Structure and Properties of the Network with Mutually Inhibitory Operons
To study adaptive responses to environmental changes without signal transduction machinery, we constructed a synthetic gene network that can exhibit bistability and monitored its ability to switch between two stable attractor states in response to evnironmental change. Gene regulatory circuits that are based on mutually inhibiting operons have previously been reported
[2]. However, unlike existing work on synthetic networks (for example,
[2],
[16]), for our purposes, the network need to express not only state-reporting fluorescence proteins, but also proteins with selectable phenotypes. To obtain a bistable gene network that is linked to metabolic phenotype switching we used the following two mutually inhibitory operons (construct pALL7, ). Operon1 is composed of the
tetA promoter
[17], Lac Repressor gene (
lacI)
[13], green fluorescence protein (GFP) gene (
egfp)
[18] and a mutant glutamine synthetase (GLS-H) gene (
gls-h; the original post-translational regulation was eliminated)

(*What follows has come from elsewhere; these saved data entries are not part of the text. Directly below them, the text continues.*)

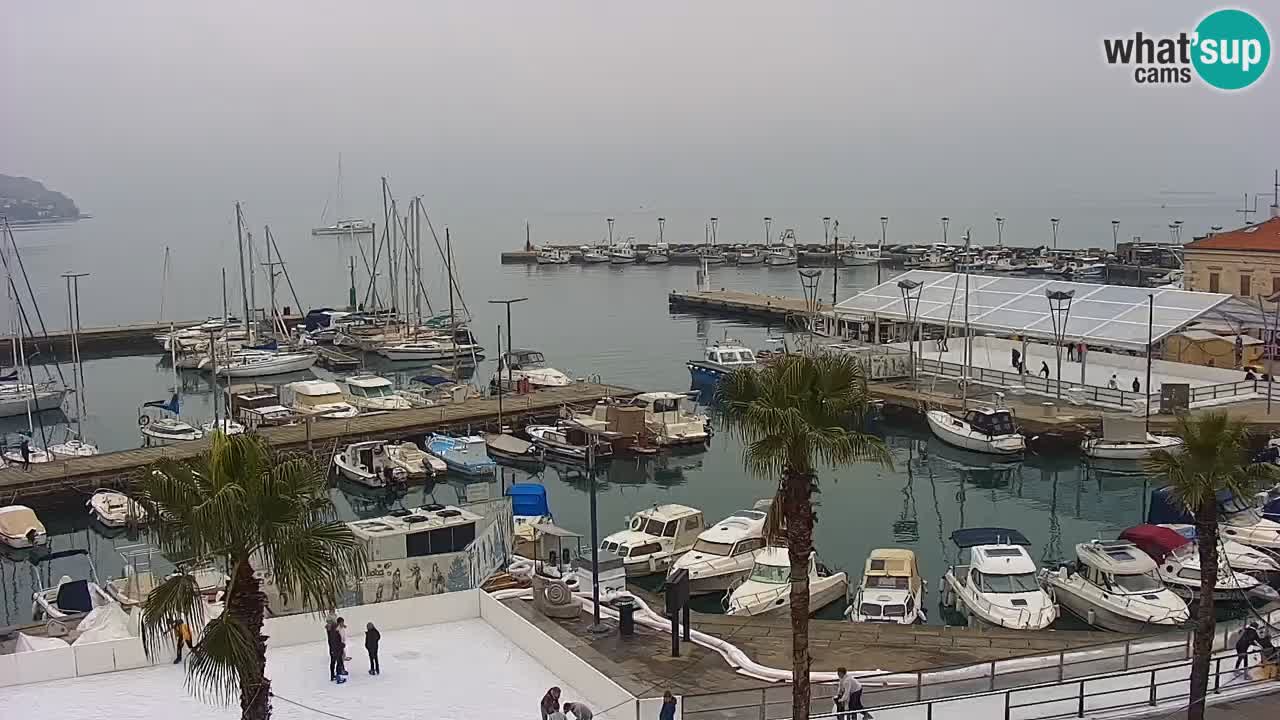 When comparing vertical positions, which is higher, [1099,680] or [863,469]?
[1099,680]

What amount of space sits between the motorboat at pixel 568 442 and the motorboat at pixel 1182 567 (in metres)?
22.4

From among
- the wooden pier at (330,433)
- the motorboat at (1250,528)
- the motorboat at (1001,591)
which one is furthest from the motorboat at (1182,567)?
the wooden pier at (330,433)

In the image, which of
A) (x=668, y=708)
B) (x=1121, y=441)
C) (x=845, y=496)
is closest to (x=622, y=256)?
(x=1121, y=441)

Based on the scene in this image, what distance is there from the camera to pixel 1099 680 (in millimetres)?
16344

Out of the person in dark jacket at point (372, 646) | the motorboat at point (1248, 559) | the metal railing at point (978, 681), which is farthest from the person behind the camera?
the motorboat at point (1248, 559)

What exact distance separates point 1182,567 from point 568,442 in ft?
81.5

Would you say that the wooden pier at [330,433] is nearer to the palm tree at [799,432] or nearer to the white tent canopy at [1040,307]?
the white tent canopy at [1040,307]

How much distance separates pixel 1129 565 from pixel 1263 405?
24366mm

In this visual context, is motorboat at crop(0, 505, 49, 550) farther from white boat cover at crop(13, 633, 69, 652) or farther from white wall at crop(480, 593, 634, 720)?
white wall at crop(480, 593, 634, 720)

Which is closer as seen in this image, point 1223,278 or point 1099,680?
point 1099,680

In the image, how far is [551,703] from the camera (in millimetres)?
14375

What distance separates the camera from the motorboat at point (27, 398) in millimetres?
60438

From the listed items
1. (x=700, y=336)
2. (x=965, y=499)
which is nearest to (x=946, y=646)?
(x=965, y=499)

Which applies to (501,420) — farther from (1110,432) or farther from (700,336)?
(700,336) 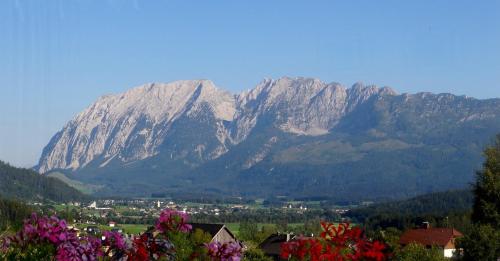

[19]. Operon2 is composed of the
trc promoter
[20], Tet Repressor gene (
tetR)
[17], red fluorescence protein (RFP) gene (
dsred.T4)
[21], and the mouse dihydrofolate reductase (mDHFR) gene (
mdhfr)
[22]. The two fluorescent proteins are introduced to monitor the transcriptional level of the two operons. GLS-H and mDHFR confer a metabolic phenotype to each of the two attractor, since these enzymes compensate for two distinct conditions of nutrient depletion.
As a basic property of the circuit architecture, the cells harboring pALL7 can be in a monostable and a bistable behavioral regimes, depending on culture conditions. ( and ). After several serial overnight cultures in Medium N (see Experimental procedures), which does not impose restrictions on essential nutrients, the cells proliferated sufficiently fast so that the gene products of the two operons, including the repressors, were kept low due to dilution. Consequently mutual inhibition was too weak and did not produce bistability. In this monostable regime cells were reproducibly distributed around low levels of expression for both operons (blue dots). Two-color flow cytometry analysis () indicate low levels of expression of Operon 1 (green fluorescence) and Operon 2 (red fluorescence) for each cell. We refer to this state of weak expression from both operons as Attractor W, which is expected to appear at the low total concentration of the two repressors relative to the dissociation constants for their interacton with their promoter binding sites.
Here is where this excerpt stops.